The 71st Cannes Film Festival opens tonight and for the next 10 days its red-carpet glitz, cinematic debates and potential controversies will dominate the news cycle -- exhaust it, to be precise. While security was a talking point last year, the world's largest movie event in 2018 has already invoked discussion through several structural changes -- from moving the opening to Tuesday instead of Wednesday, the revamp of the press screening schedule that has never changed for decades, and notably the selection of films that hints at Cannes' readiness to become less predictable.
With the #metoo repercussions and Netflix spat still lingering, Cannes opens tonight with Everybody Knows, a domestic thriller starring Penelope Cruz and Javier Bardem and directed by Iranian filmmaker Asghar Farhadi (A Separation, a divorce drama that was a hit in Bangkok). It is one of the 21 titles to compete for the coveted Palme d'Or, to be judged by a jury led by Cate Blanchett. From here on, the festival will roll out a slew of world premieres that will set the course of discussion for the rest of the year. Here are some highlights and titles to look out for.
The Asian crew
It's a good year for Asian titles. First off, the omnibus film Ten Years Thailand, featuring four short films about Thai society at a crossroads, will screen in the Special Screening section; it's the sole Southeast Asian film in Cannes this year (we'll have more on that tomorrow).
(Video YouTube/FilmsForFree Thailand)
A big contingent will descend from China, with three films that are much anticipated: Jia Zhangke's Ash Is Purest White is in the top-tier Competition; Bi Gan, an exciting young filmmaker who stunned with Kaili Blues in 2015, will present his new film Long Day's Journey Into Night, in the sidebar Un Certain Regard section; and lastly, the indie maverick Wang Bing will screen his eight-hour-long film Dead Souls -- it's going to be gritty, like when you chew pebbles, as typical of Wang's films; it will also be one of the longest films Cannes ever shows.
Japan and Korea, too, have their finest filmmakers in the Competition.

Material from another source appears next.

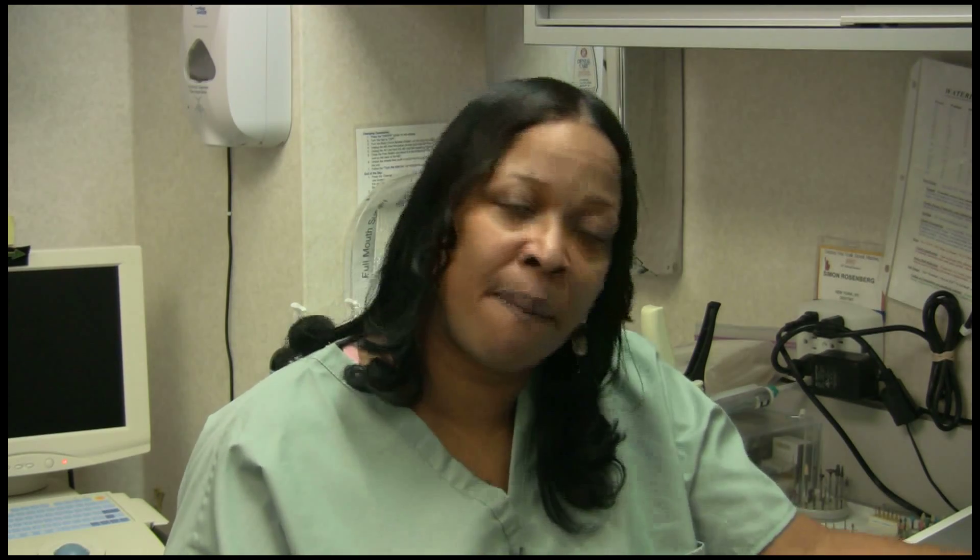We also do smile makeovers, where the patient's not sure of what they want. We have a program on our computer where we take your before picture. We have a library of smiles, and between myself, the doctor, and the patient, we choose a smile that the patient would like. We'll show them maybe five or six smiles, let them go home to decide, and nine times out of ten they come back and say 'this is what I want' — and we give it to them.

Lee Chang-dong, Korea's former culture minister and one of its most respected directors, is back in Cannes with Burning, adapted from a Haruki Murakami story. Two Japanese filmmakers are also in the Competition: Hirokazu Kore-eda, whose films have always been popular in Thailand, will present the domestic drama Shoplifters; while Ryusuke Hamaguchi, whose Happy Hour screened in Bangkok last year, will make his first Cannes presence with Asako I & II.

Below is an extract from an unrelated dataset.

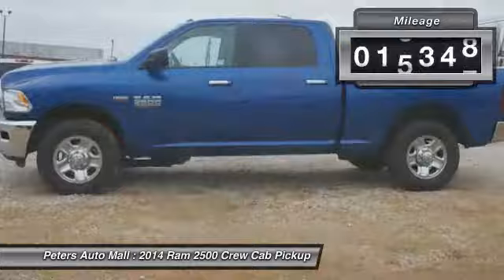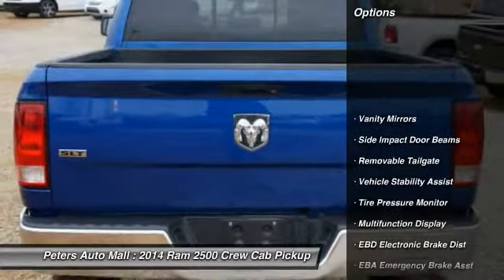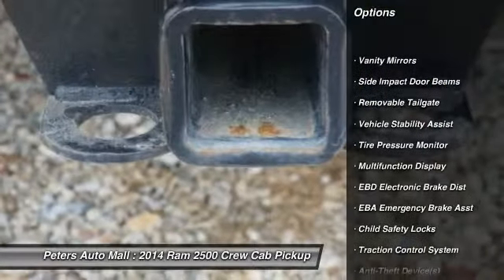Call 888-471-2191 and get in touch with Peters Auto Mall directly, and be the first to open the car door today.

On the far corner of Asia, the elite Competition will screen Nadine Labaki's Capernaum, the first Lebanese film in the top section; Nuri Bilge Ceylan, a Turkish master who won the Palme d'Or in 2014, will return to the red carpet with The Wild Pear Tree; Jafar Panahi from Iran, who's officially banned from making movies, has made a film called Three Faces that is invited into the competition; and from Egypt is Yomeddine by Abu Bakr Shawky, also in the top section.
The potential controversy
Cannes welcomes back Lars Von Trier, the Danish provocateur whose career was shaped by Cannes back in the late 1990s and who is now a walking lightning rod -- with his films and his penchant for infuriating comments (he was banned from the festival in 2012 for making a Nazi joke). Von Trier will premiere The House That Jack Built out of Competition; the film stars Matt Dillon as a high-IQ serial killer who murders scores of women over 12 years (Uma Thurman plays one of his potential victims). With the #metoo movement in full swing and the debate on treatment of women very much the zeitgeist, Von Trier's past record in cinematic brutalisation of female characters -- the women in his films always suffer a terrible fate -- is likely to set the fuse ready among Cannes' 4,000-strong journalists.
And already a full-blown controversy, Terry Gilliam's long-awaited film The Man Who Killed Don Quixote was in April announced as the festival's closing film, but has since been embroiled in a bitter legal dispute that threatens to revoke its premiere. The film, 20 years in the making, stars Adam Driver as a man warped into the fantasy world of medieval Spain. Cannes insists on showing the film on its final day, and the case is still developing as of early this week.
(Video YouTube/ONE Media)
Meanwhile, the first Kenyan film to be screened in Cannes has already been banned by the country's censors: Rafiki, directed by Wanuri Kahiu, is a lesbian love story -- Kenya bans gay sex, a crime punished by imprisonment. Rafiki is showing tomorrow in the sidebar Un Certain Regard section.
The political warriors
Jafar Panahi has been banned by the Iranian government from making films for eight years -- but he has continued to do it on the sly. He has also been slapped with a prison term, though it hasn't been enforced. His new film Three Faces is in the Competition, and Cannes has made an appeal to Iran to let Panahi leave the country to present the film. No word has been heard if this will be allowed.
Likewise, Kirill Serebrennikov has been under house arrest in Russia for politically-related charges. His new film Summer, about the life of a rock star under an oppressive regime, is his first Competition entry, and yet it's not clear if the director will be able to make it to the red carpet of his own movie.
Burning by Korean filmmaker Lee Chang-dong. Festival de Cannes
Cannes Film Festival runs from today until May 19.